Another extremely poor design with these windows is with the plastic liners. Half of the liner is inside the house and half of it is outside the house with about a 1/2" - 3/4" gap behind it all. That means that between you and the outside, there is only about a 1/16" thick piece of plastic. Think about that for a while!!
The interior thermopane storm windows I built solve this problem also.
OK, yes, I have and engineering degree from Purdue!
Mr. Stephen Sheehy
The interior storm works great on these windows due to the original window being an extremely leaky, $hitty window by design.

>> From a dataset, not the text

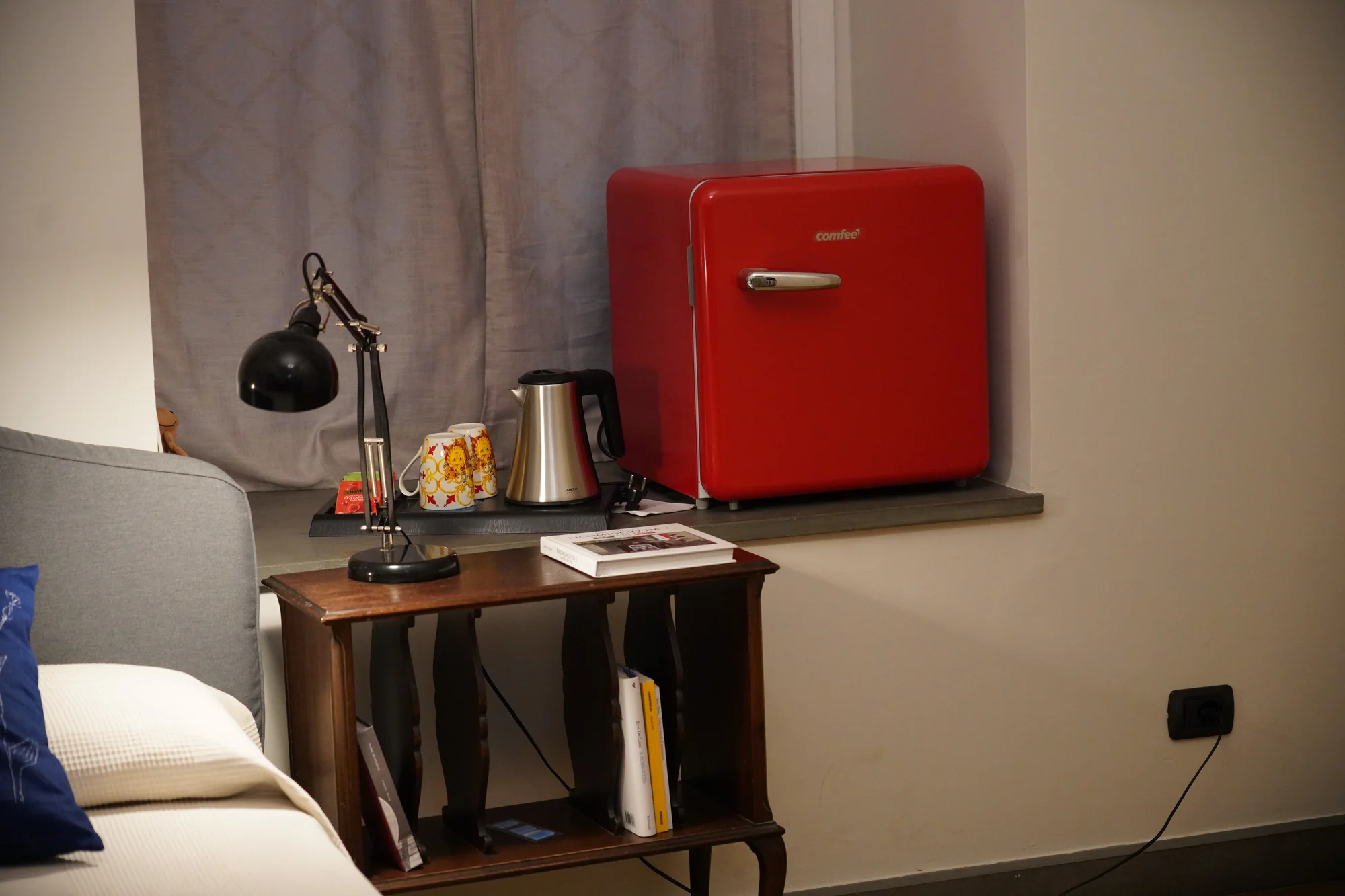Camera Giò – Mini-frigo rosso e bollitore sul comodino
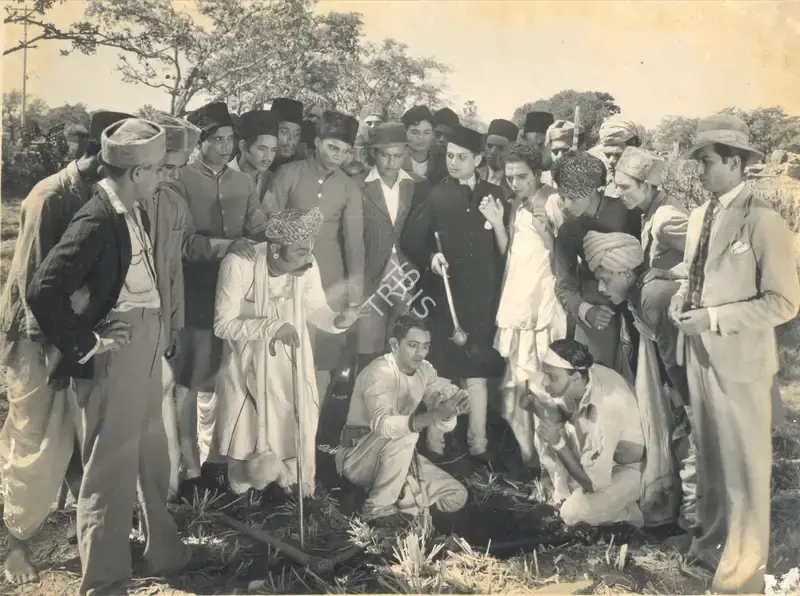 Manibhai Vyas (Director), Baazigar, 1938, Photographic Still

If the window were brand new right now, it would condensate due to the highly conductive aluminum spacer between the two panes of glass, and it would leak air like crazy due to the air gap behind the plastic side liners, half of it being outside, and the other half inside.
Double hung windows are the least efficient window of all types including crank out and fixed, and Pella double-hung thoropain windows are the worst of the double-hung.
I guess that makes them the worst of the worst!!
But...I've proved that they are savable.
And the end product is virtually invisible unless you point them out to your visitors.
Martin
Why would you want to do an energy audit before fixing the windows?
It's like throwing more money out these damn things!
You know they leak...1991 Pella Thoropain windows suck baaaaad.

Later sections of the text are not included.